■ Problem to solve: Give the data again word for word; drop the pictures.

(Data in this exercise)

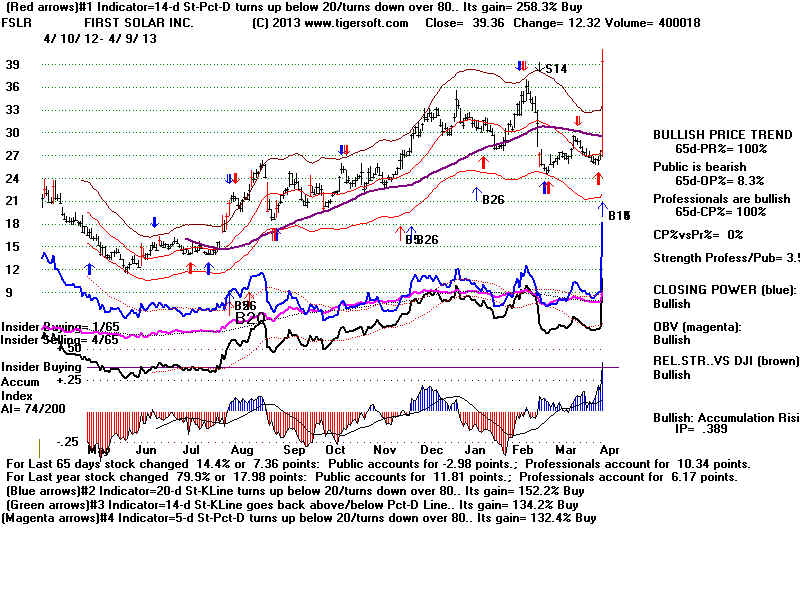 FSLR.BMP (1920054 bytes)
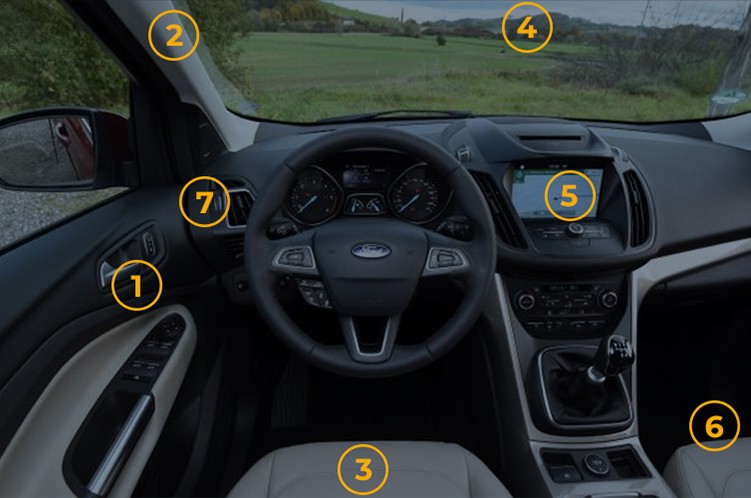 kuga-interior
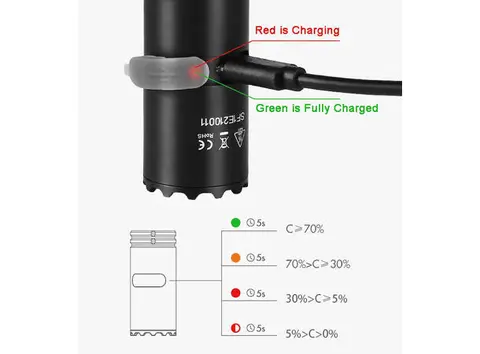 Speras E21 lommelykt 2000lm / 322 meter kastelengde 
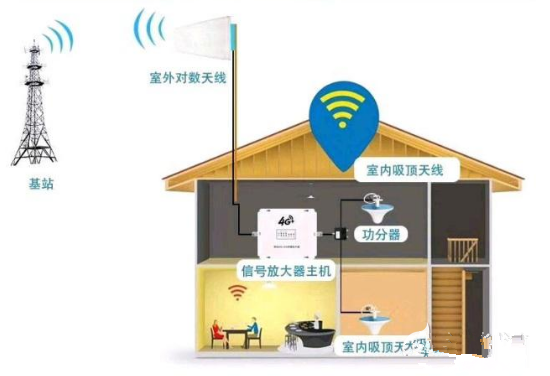 放大器放大信号_信号放大器连接线_信号放大器怎么连接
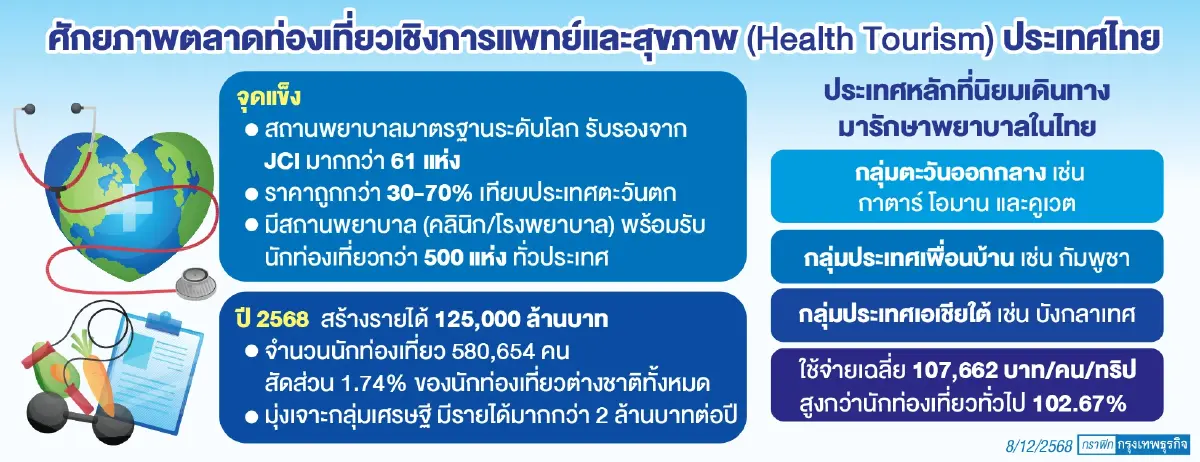 ไทยชิงเปลี่ยนเกมลุย 'ท่องเที่ยวเชิงสุขภาพ'  ททท.โหมโปรโมตดึงทัวริสต์สายเปย์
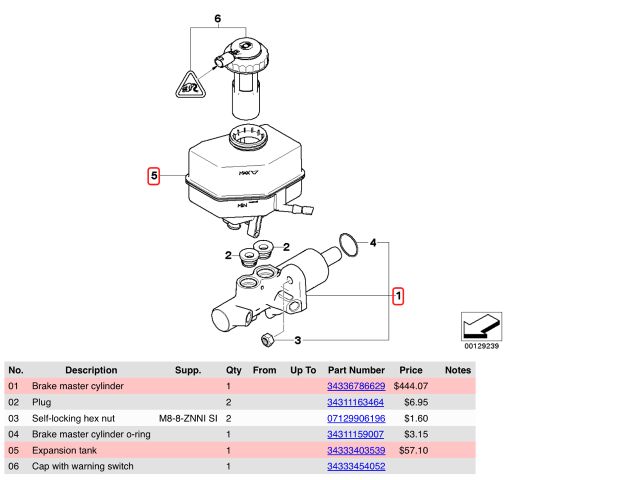 bontott BMW X3 Főfékhenger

(End Data in this exercise)

■ Exercise result:
 FSLR.BMP (1920054 bytes)
 kuga-interior
 Speras E21 lommelykt 2000lm / 322 meter kastelengde 
 放大器放大信号_信号放大器连接线_信号放大器怎么连接
 ไทยชิงเปลี่ยนเกมลุย 'ท่องเที่ยวเชิงสุขภาพ'  ททท.โหมโปรโมตดึงทัวริสต์สายเปย์
 bontott BMW X3 Főfékhenger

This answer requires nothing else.